_Data extract_

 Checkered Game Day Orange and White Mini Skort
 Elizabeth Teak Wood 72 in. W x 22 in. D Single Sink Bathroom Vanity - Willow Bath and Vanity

---

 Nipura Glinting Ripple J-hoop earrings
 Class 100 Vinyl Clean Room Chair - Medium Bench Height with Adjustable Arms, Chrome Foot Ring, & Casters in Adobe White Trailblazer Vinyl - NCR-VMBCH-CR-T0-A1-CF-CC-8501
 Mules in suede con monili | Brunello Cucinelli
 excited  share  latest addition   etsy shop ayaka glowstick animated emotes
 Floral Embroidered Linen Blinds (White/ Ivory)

==

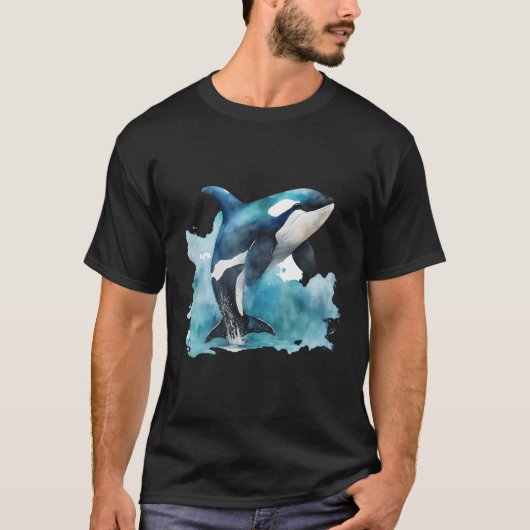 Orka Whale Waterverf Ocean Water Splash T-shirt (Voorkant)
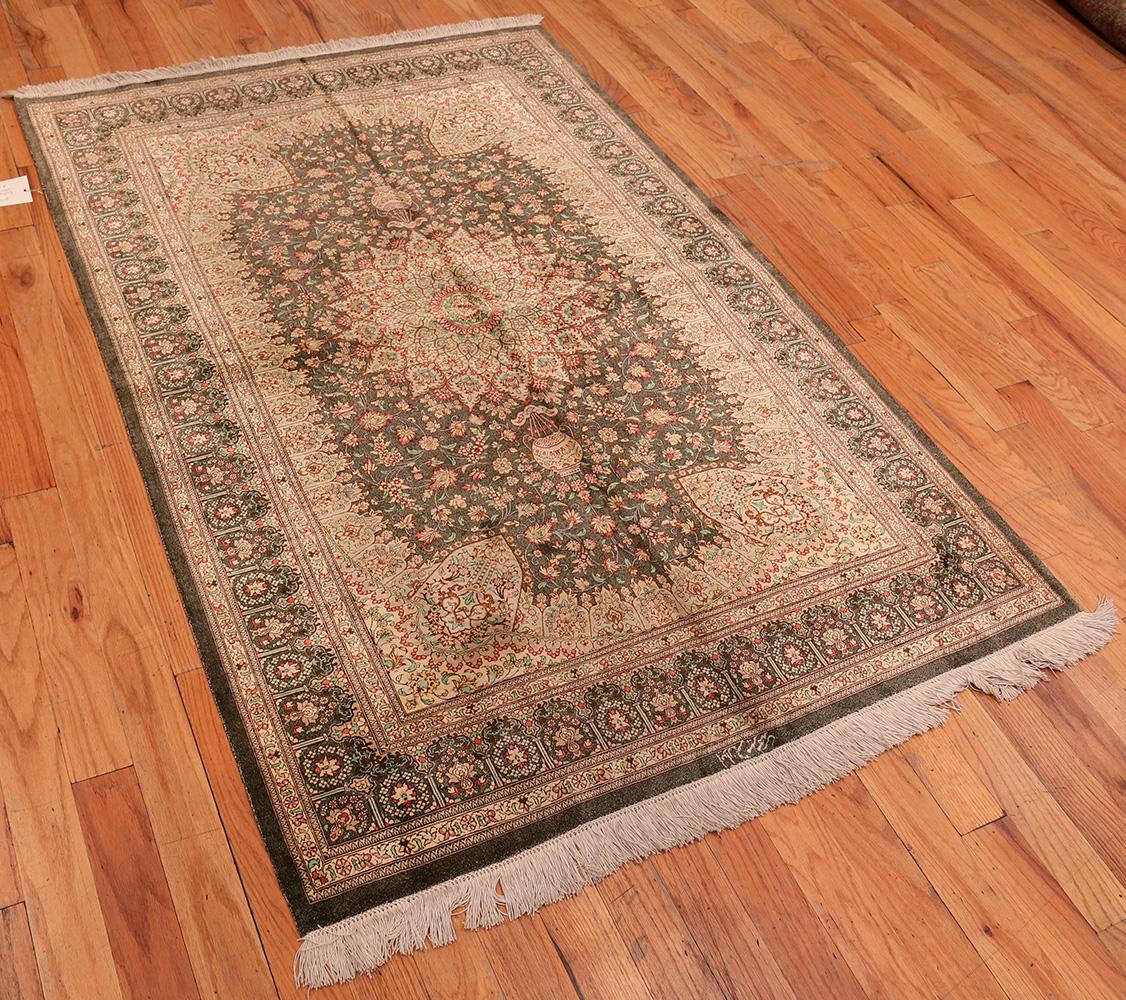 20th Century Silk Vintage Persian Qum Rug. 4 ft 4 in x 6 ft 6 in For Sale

_Problem details_
Everything above from the line containing "Nipura Glinting Ripple J-hoop earrings" down to the line containing "Floral Embroidered Linen" should be copied exactly, both end lines included, and nothing else.

_Output for this task_
 Nipura Glinting Ripple J-hoop earrings
 Class 100 Vinyl Clean Room Chair - Medium Bench Height with Adjustable Arms, Chrome Foot Ring, & Casters in Adobe White Trailblazer Vinyl - NCR-VMBCH-CR-T0-A1-CF-CC-8501
 Mules in suede con monili | Brunello Cucinelli
 excited  share  latest addition   etsy shop ayaka glowstick animated emotes
 Floral Embroidered Linen Blinds (White/ Ivory)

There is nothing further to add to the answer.